I-Bonds are all the rage!
I-bonds (Series I Savings Bond) are all the rage! I-bond purchases in the last two months of 2021 were almost equal to purchases the entire five years prior. They are offering 7.12% interest at the moment are very safe. If you can wait a year to get your money back a bit like a CD, they are an incredible choice for your ‘safe’ money.
I love I-Bonds and have had them since 1999. However, they are not as easy to use as one would hope and I think they fit best in a long-term strategy. Here are some tips (pardon the pun) I give clients for purchasing and using them.
You can only buy I-Bonds directly from the US government at the Treasury. They pay a regular (tiny) interest rate, like your savings account. On top of that, they pay an amount equal to CPI every year: the inflation adjustment. The I-Bond you buy ($25 minimum) compounds like a savings account. When you cash it in you get the interest, plus the inflation adjustment, plus your original value all back at once.
One nice feature of I-Bonds is that they grow tax-deferred, like your 401k or IRA. You don’t pay the interest until you cash out.
With I-bonds paying over 7% right now, why aren't we all loading up on I-Bonds? The biggest issue is that one can only buy $10,000 a year per social security number. (Perhaps ironically, that $10,000 limit established in 1998 was not inflation-indexed. If it had been, you would be allowed over $17,000 per year today.)
If you are very determined, the $10,000 limit has a few workarounds:
If you are married, both of you can put $10,000 in every calendar year.
Deliberately overpay your taxes, and request a $5,000 per tax return I-bond with form 8888.
Open a Treasury direct account for your private business and buy $10,000 (LLC, S-Corp, partnership)
File for a revocable trust, and open one for each trust.
Open accounts for your kids “Establish a Minor Linked Account” - but know that they own it when they turn 18.
Another potential pitfall is that your money is tied up for a year. That's important to remember. Don't put money in there that you know you will need inside 12 months. After that 12-month period, you lose a quarter of a year's interest if withdrawn before five years, a small penalty.
An I-Bond can't be split up or partially cashed. It's all or nothing. And when you cash it, it's gone permanently. Treasury Direct is not like a checking or savings account.
I-Bond returns have not always been better than a savings account. They have done better about half the time since they were introduced in the late 1990s. However, I-bonds have done better than savings accounts for most of the last two decades.
There is an education benefit for I-Bonds that work like 529s but there are income limits. You can take the money out and pay no taxes on the interest if it's for a qualified education expense (not for room and board), but your income has to be modest; under $97,350 modified AGI for single and $153,550 for married filing jointly. I find clients are in high-earning years when kids start college.
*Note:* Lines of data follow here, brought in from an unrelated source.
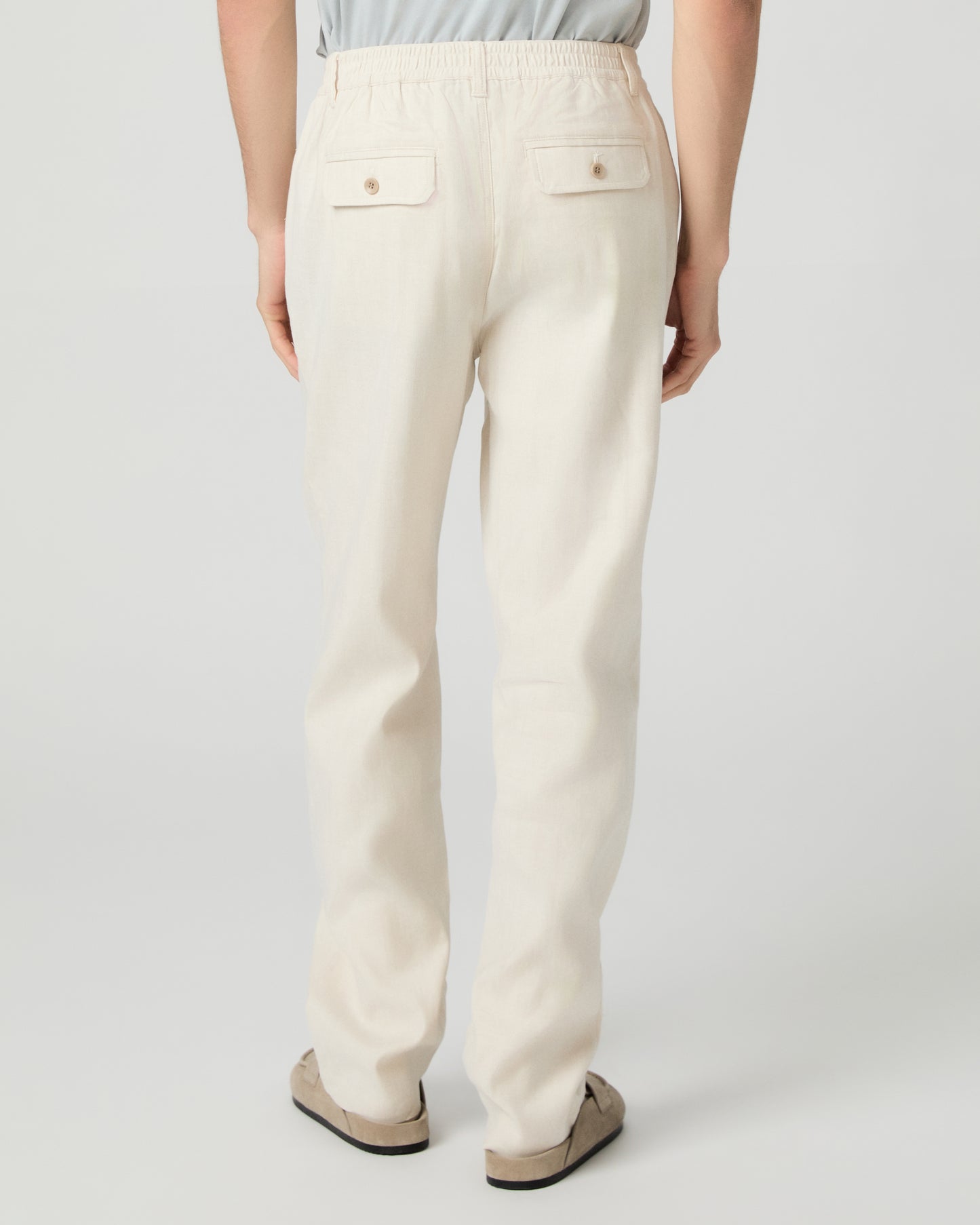 Man wearing a white tee, beige pants and slippers on a white background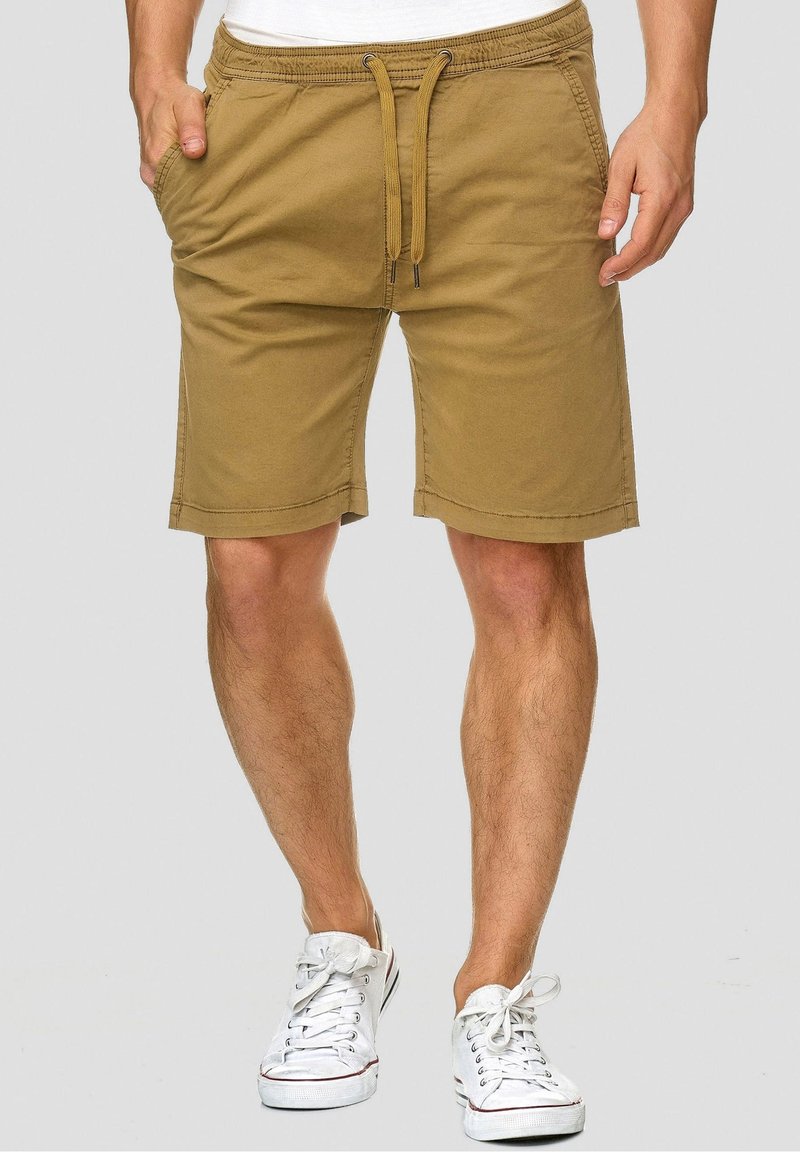 Homme portant un short beige à cordon de serrage et des baskets blanches, debout devant un fond uni gris clair.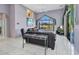 Bright living room featuring tile floors, leather furniture, and views of the canal at 412 Panarea Dr, Punta Gorda, FL 33950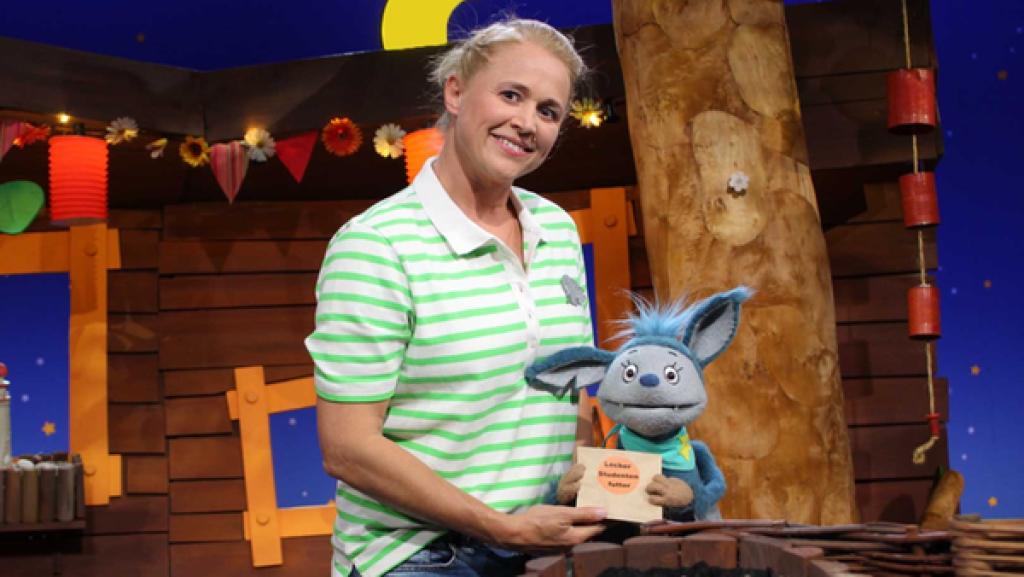 Fidi und Singa spielen Einkaufen. Fidi ist die Verkäuferin, und Singa möchte eine Tüte Futterstudenten kaufen.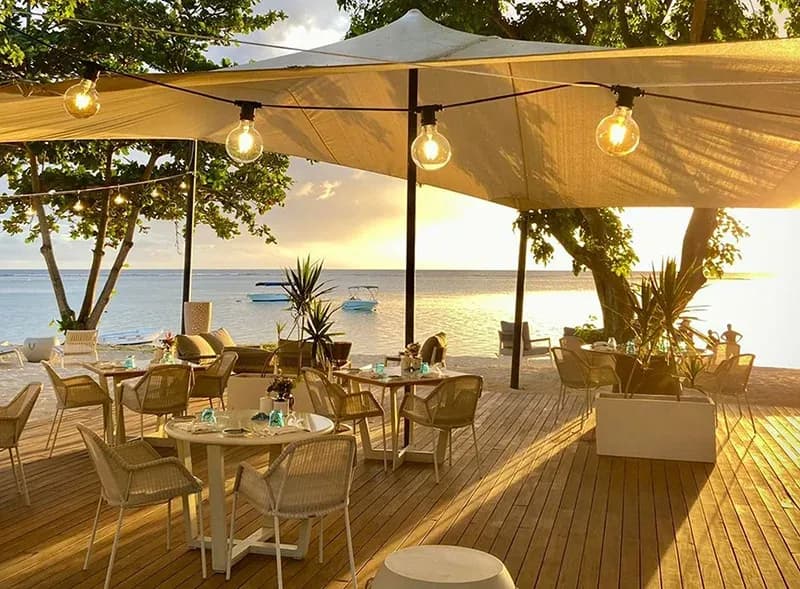 Sunset dining tables on the beach deck at Beach House Grill, Maradiva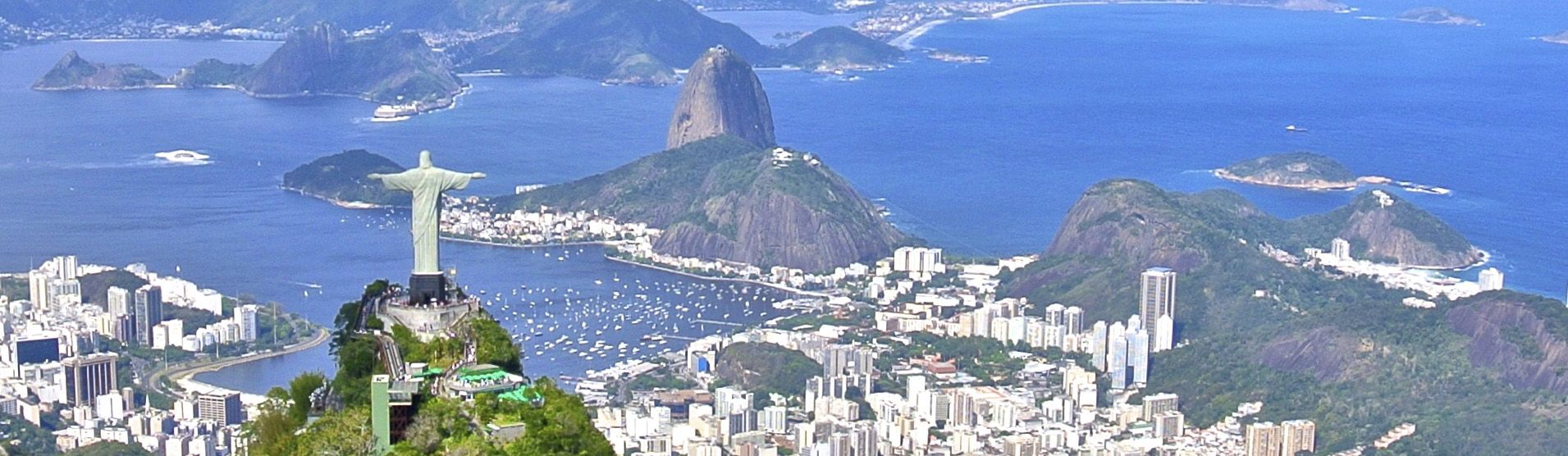 Aerial shot of Christ the Redeemer with Sugarloaf Mountain in the distance in Rio de Janeiro on a luxury Brazil tour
The Treasury Direct website is terrible. This is talked about on consumer investing forums a lot, but don't let it scare you, it's navigable. (However when setting up your account, if you fail their identification questions, you may need a difficult-to-obtain signature guarantee and that's a pain in the ass.)
How should you use them? If you are saving for retirement, they are excellent tax-deferred investments, and should be part of your bond allocation. The only downside is you can’t rebalance them into stocks as markets shift, at least not without selling them. But at current purchase limits, it’s unlikely anyone will have too many I-Bonds.
What I really like them for is an emergency fund. Put $10,000 (or $20,000 if a couple) away every year until you have a fully-funded emergency reserve. It will always (nearly) match inflation, never loses value, and be there when you need it.
I think this is an especially good use of I-Bonds if you are the type of person that dips into emergency funds for less-than-full emergencies. The I-Bond 'all or nothing' cash out and Treasury Direct website difficulty become ‘features not bugs’ in this respect. You'll still need a month or two in a regular savings account for quick access, but you can get the I-bonds later if you need it.